The bishop spoke of Ricardo’s quiet, unfailing love for and service to the church. He spoke of his dedication to God’s people. He had been a good and faithful deacon. Ricardo had obviously touched a great many people. Many wept.

I preside at a lot of funerals. Many of them are for people I have never met or known. Many times the only Catholics in the church are myself and the person in the casket. I hear a lot of stories about the deceased, how he or she has touched the lives of their friends and family. Some are good and some not so much so. Some are pretty vacuous. Most people don’t live heroic lives. Many lives are defined by the activities they contained rather than how they affected the lives of others.

Funerals often make me think about what my own funeral will be like. What will I be remembered for? What will people say about me? How many people will be there out of respect for me or my family, and how many will be so perturbed at losing me that they will weep? How many lives will I have touched and influenced? How many have I led to Christ?

Like Lazarus, will my life, and death, be for the glory of the Son of God?

This was not the first time Jesus had raised someone from the dead. He had raised Jairus’ young daughter, and the son of the Widow of Nain. He had done so out of compassion for the grieving parents, and he did so in privacy. Lazarus was different. Jesus didn’t cry when those young people died, but here we hear those famous words written for the first and only time in the gospels – “And Jesus wept.”

For Jesus, Lazarus’ death was personal. Outside of his apostles, Mary, Martha and Lazarus are the only people named as his friends. I imagine that Jesus often went to their home just outside of Jerusalem to rest and get away from the crowds. Jesus had a special place in his heart for them. He was very close to them, and so it is understandable that Jesus would be upset when his friend died.

Jesus weeps for his friends.
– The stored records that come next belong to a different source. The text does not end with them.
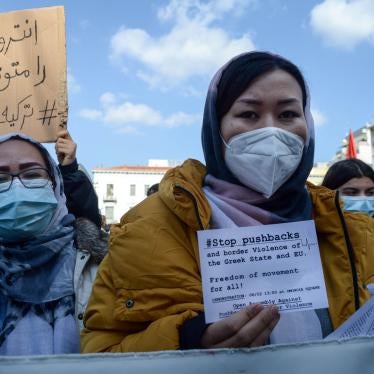 Greek Police Accused of Using Masked Migrants to Force Illegal Pushbacks at Border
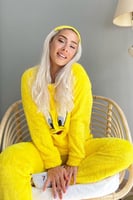 Sarı Kuş Desenli Tam Peluş Pijama Takımı - Thumbnail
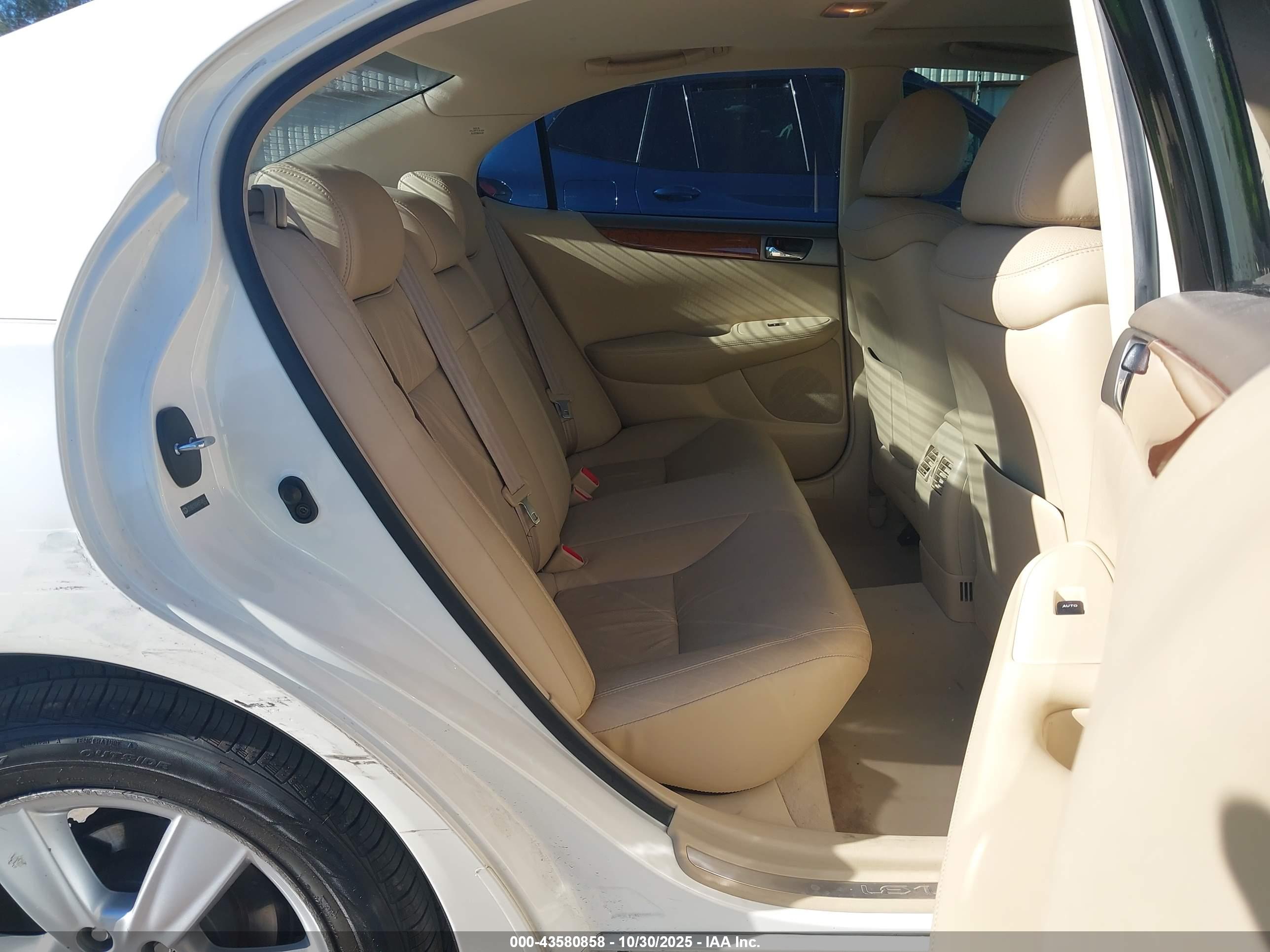 LEXUS ES image 8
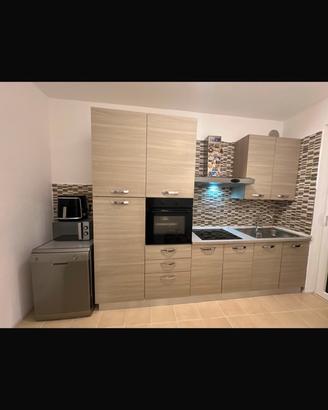 Cucina completa di forno e lavastoviglie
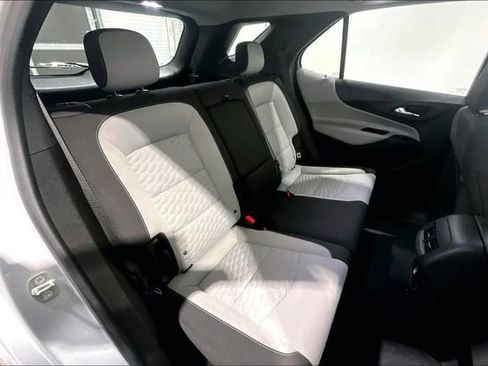 Used 2018 Chevrolet Equinox LS image 26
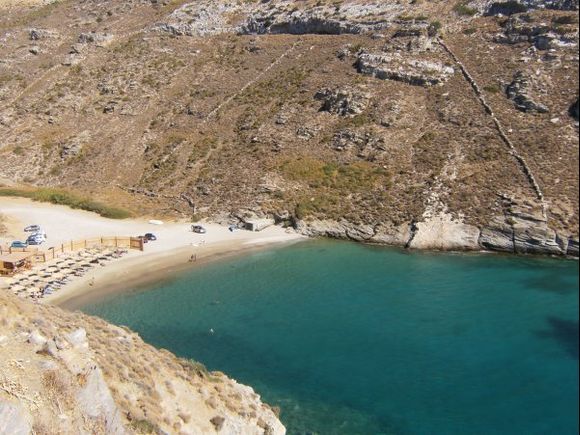 Apothikes beach, near Halkolimionas beach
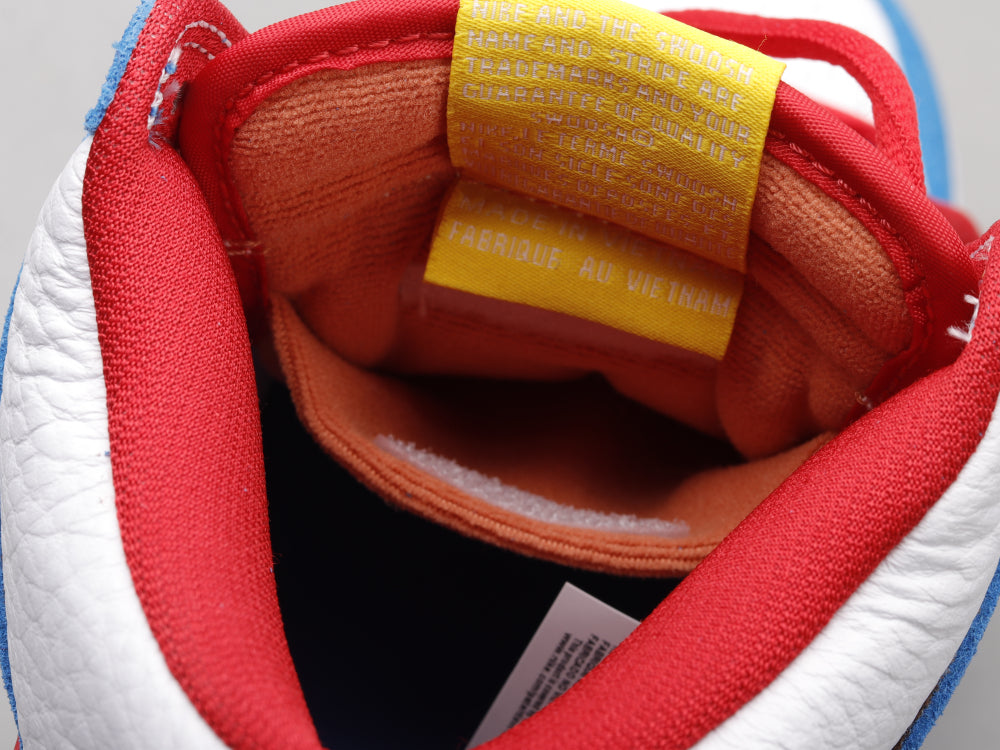 GLM - NKE SB Dunk ???DoraeGLMn??? jingle cat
Jesus weeps for them because they are not just some people he meets on his way. Jesus happened upon Jairus and the Widow. Jesus had a personal relationship with Lazarus. Jesus wept for Lazarus because he was his friend. He was his family. He loved him because he was loved by him.

Will Jesus cry when I die?

Will I just be another disciple among the crowd, or will he consider me his friend? His close friend? His family? Will I have invited him into my home? Will we have broken bread together often? Will I have sat at his feet while he taught me? Will I have thrown myself down before him in shame and have asked for his forgiveness? Will Jesus know me so well that he will be perturbed when I suffer?

Today’s gospel is the promise. This is what it is all about. This is why we believe and this is what we hope for. Without Jesus’ promise of the resurrection from the dead why should we bother? Jesus’ resurrection really means nothing for us unless it points to our own destiny. Why should you change your life, why should you become His disciple if it were not for the reward of everlasting life?

Those are the fundamental questions we ask ourselves sooner or later. We all want to believe that there’s something after this life. We all want the promise. That’s why Lazarus’ story is our story, because we all have that promise.

Jesus didn’t just say he was the resurrection and the life, he proved it. He rose again to a new kind of life, a glorious life, and he promised that we would have that same life, too. That’s why this story is for all of us, because Jesus came so that all may have everlasting life. The promise he gave to Martha is the promise he gives to us.

May we all live as children of the promise.